I'm not an expert in Go. Is there any memory mapper ? I mean a tool that shows what memory block is used for.

clement2026 commented 1 week ago

@socketpair I get that you’re concerned about memory size. You might want to try setting the --experimental-snapshot-catchup-entries flag. The default value is 5000, but you can lower it to, say, 500, which should bring your memory usage down to around 3GB.

The downside of setting a low value for --experimental-snapshot-catchup-entries is that slow followers might need to catch up with the leader using a snapshot, which is less efficient. But if you’re running a single instance of etcd, you can even set it to 1 and can keep your memory usage under 2GB.

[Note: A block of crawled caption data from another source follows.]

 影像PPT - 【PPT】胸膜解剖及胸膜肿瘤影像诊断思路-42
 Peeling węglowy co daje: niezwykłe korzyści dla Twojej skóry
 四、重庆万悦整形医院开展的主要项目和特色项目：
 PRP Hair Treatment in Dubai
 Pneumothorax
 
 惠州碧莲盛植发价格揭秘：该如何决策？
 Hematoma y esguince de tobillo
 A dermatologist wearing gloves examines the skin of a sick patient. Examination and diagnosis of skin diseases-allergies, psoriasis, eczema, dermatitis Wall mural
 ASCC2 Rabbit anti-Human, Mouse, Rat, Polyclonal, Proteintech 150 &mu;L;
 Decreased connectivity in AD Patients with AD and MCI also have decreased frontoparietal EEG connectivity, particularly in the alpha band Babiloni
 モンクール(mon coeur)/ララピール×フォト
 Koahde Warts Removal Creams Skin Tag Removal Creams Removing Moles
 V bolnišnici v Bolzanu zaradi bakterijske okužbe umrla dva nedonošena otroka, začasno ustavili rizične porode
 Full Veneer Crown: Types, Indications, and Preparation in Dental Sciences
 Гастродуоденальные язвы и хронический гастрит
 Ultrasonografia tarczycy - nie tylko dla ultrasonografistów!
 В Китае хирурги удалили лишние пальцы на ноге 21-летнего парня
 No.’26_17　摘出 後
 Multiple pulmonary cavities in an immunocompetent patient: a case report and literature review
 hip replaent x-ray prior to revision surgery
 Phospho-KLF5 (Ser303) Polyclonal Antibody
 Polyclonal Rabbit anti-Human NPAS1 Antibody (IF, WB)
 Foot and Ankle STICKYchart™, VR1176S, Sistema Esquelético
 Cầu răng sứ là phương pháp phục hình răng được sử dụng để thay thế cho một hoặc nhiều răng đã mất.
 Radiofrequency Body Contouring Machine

Based on your posts, it seems the average size of a put request is around 2MB.

Your etcd instance’s heap size is roughly between (--experimental-snapshot-catchup-entries) * 2MB and (--experimental-snapshot-catchup-entries + --snapshot-count) * 2MB. In your case, that’s about 10GB to 12GB.

I’m sharing some tests here for your reference.

Test 1

--experimental-snapshot-catchup-entries 5000

Setup:

rm -rf etcd0.etcd; etcd -name etcd0 \
--data-dir etcd0.etcd \
--enable-pprof=true \
--snapshot-count=1000 \
--advertise-client-urls http://localhost:2379 \
--listen-client-urls http://localhost:2379 \
--initial-advertise-peer-urls http://localhost:2380 \
--listen-peer-urls http://localhost:2380 \
--initial-cluster-token vitastor-etcd-1 \
--initial-cluster etcd0=http://localhost:2380 \
--initial-cluster-state new \
--max-txn-ops=100000 \
--max-request-bytes=104857600 \
--auto-compaction-mode=periodic \
--auto-compaction-retention=5s \
--experimental-snapshot-catchup-entries 5000

Benchmark script:

./bin/tools/benchmark txn-mixed --total=50000000 --val-size=2000000 --key-space-size=1 --rw-ratio=1
Xnip2024-09-06_14-55-54

Test 2

The setup and benchmark script is the same except --experimental-snapshot-catchup-entries 500.

Xnip2024-09-06_14-39-17

Test 3

--experimental-snapshot-catchup-entries 1

image

Hope it helps.

serathius commented 4 days ago

Awesome analysis @clement2026, makes me very excited about your work in https://github.com/etcd-io/etcd/issues/17098. Would be awesome to paste those findings there too.

clement2026 commented 4 days ago

I’m glad you found the analysis helpful. I’ll include them in #17098.